FIG. 5 shows that a two-event, in vivo rat model of TRALI demonstrated no injury when saline (untreated) was used as the first event followed by heat-treated plasma (56° C. for 30 min to destroy the effects of human complement and fibrinogen) as the second event for plasma from day 0 or day 5 platelets. Furthermore, when LPS was given as the first event followed by heat-treated plasma from day 0 or day 5, day 0 plasma did not cause acute lung injury (ALI), and day 5 only elicited mild injury. Treatment with riboflavin and light did not further enhance or decrease ALI in this two-event in vivo model.
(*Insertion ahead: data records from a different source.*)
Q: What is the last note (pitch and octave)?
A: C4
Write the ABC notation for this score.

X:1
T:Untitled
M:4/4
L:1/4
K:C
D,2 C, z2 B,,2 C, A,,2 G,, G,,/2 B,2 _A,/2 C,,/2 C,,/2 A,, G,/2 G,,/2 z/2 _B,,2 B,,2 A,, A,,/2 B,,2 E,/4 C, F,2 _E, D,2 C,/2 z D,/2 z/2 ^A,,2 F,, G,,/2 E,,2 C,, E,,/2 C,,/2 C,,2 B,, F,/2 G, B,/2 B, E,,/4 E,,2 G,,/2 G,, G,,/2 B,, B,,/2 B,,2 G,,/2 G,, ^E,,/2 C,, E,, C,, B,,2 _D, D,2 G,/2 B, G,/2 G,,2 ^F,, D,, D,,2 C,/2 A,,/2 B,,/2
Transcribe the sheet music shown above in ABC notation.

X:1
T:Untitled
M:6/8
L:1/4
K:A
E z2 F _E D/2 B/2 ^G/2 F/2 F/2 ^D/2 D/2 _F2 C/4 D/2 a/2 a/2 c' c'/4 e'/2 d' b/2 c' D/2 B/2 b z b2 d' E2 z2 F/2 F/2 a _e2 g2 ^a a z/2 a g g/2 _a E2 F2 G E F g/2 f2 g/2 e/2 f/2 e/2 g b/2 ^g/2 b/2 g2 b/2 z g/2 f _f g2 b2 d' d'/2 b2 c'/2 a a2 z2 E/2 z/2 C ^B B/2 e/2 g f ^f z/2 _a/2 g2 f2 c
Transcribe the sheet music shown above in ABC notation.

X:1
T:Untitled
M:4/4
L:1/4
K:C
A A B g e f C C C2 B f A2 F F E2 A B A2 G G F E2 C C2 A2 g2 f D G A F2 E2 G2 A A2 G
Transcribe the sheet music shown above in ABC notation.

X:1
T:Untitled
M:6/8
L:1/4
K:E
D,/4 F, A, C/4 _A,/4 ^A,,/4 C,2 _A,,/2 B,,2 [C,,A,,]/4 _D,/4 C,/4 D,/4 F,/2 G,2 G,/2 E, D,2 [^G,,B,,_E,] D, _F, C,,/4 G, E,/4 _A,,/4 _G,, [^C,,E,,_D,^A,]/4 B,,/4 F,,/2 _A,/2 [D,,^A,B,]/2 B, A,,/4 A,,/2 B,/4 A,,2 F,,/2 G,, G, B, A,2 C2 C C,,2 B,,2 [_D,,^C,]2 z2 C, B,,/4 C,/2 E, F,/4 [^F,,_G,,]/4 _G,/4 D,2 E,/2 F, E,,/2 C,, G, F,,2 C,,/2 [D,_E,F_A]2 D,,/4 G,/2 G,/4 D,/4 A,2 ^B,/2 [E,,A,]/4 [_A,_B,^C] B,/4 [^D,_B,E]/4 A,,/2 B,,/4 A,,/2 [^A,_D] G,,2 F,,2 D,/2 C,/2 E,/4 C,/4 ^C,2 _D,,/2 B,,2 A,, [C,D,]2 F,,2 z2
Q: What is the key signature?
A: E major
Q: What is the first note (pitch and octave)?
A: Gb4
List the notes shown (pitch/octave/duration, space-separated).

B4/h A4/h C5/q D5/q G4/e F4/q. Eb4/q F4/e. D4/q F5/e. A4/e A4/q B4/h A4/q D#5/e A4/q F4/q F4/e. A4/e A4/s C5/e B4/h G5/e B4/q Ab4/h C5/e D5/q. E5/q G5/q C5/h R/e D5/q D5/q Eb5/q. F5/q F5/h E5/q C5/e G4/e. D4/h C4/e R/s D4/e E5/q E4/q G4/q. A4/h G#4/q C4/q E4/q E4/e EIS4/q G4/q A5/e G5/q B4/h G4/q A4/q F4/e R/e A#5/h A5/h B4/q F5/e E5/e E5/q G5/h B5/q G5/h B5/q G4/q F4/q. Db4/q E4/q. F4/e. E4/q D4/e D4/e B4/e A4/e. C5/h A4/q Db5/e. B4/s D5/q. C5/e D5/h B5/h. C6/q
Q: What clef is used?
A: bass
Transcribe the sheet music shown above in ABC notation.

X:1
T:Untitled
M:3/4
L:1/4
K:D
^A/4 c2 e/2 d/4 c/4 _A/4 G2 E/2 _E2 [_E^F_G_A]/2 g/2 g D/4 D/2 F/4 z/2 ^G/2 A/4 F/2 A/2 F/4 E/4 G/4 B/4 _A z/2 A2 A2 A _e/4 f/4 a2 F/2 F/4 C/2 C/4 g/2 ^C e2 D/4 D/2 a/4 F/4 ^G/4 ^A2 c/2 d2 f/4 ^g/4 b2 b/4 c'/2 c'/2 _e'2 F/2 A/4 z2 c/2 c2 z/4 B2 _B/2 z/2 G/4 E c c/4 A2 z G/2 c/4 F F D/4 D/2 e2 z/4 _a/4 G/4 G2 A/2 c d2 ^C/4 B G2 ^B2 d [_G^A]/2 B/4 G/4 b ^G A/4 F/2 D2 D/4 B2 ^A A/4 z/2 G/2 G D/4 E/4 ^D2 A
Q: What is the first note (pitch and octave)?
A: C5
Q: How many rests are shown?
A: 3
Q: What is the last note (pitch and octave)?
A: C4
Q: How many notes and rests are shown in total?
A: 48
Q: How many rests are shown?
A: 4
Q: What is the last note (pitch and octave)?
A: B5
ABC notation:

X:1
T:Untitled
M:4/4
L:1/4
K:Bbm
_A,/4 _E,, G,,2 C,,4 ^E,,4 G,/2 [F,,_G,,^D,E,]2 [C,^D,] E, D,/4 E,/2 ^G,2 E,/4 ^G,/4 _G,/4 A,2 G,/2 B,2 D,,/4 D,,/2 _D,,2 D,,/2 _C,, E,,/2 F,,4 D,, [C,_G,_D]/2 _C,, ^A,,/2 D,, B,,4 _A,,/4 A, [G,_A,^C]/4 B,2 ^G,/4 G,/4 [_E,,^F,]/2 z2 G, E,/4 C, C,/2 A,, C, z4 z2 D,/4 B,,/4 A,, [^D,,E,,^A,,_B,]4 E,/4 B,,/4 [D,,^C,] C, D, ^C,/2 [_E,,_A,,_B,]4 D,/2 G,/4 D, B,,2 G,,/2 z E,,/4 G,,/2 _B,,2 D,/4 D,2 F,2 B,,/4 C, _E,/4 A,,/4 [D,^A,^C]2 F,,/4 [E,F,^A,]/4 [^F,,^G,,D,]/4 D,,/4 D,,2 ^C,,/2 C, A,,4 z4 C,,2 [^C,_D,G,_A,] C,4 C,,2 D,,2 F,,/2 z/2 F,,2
Although treatment with riboflavin and light causes platelet activation, as shown in FIG. 5 by increased α-degranulation, no increased neutrophil priming or in vivo ALI induction could be detected in vivo after treatment with riboflavin+light.

Claims

1. A method of preventing the formation of bioactive substances in pathogen inactivated blood or blood component comprising the steps of; illuminating the blood or blood component with light at a sufficient energy so that an alloxazine photosensitizer present in the blood or blood component may be photolyzed to inactivate any pathogens which may be present;preventing the formation of bioactive substances in the pathogen inactivated blood or blood component; andstoring the pathogen inactivated blood or blood component.

2. The method of claim 1 wherein the alloxazine photosensitizer is riboflavin.

3. The method of claim 1 wherein the energy sufficient to photolyze the alloxazine photosensitizer in the blood or blood component is about 6.24 J/mL.

4. The method of claim 1 wherein the step of preventing the formation of bioactive substances further comprises the step of not increasing neutrophil priming in a recipient of the pathogen inactivated blood or blood component.

5. The method of claim 1 wherein the blood component is platelets.

6. The method of claim 1 wherein the blood component is red blood cells.

7. The method of claim 1 wherein the blood component is plasma.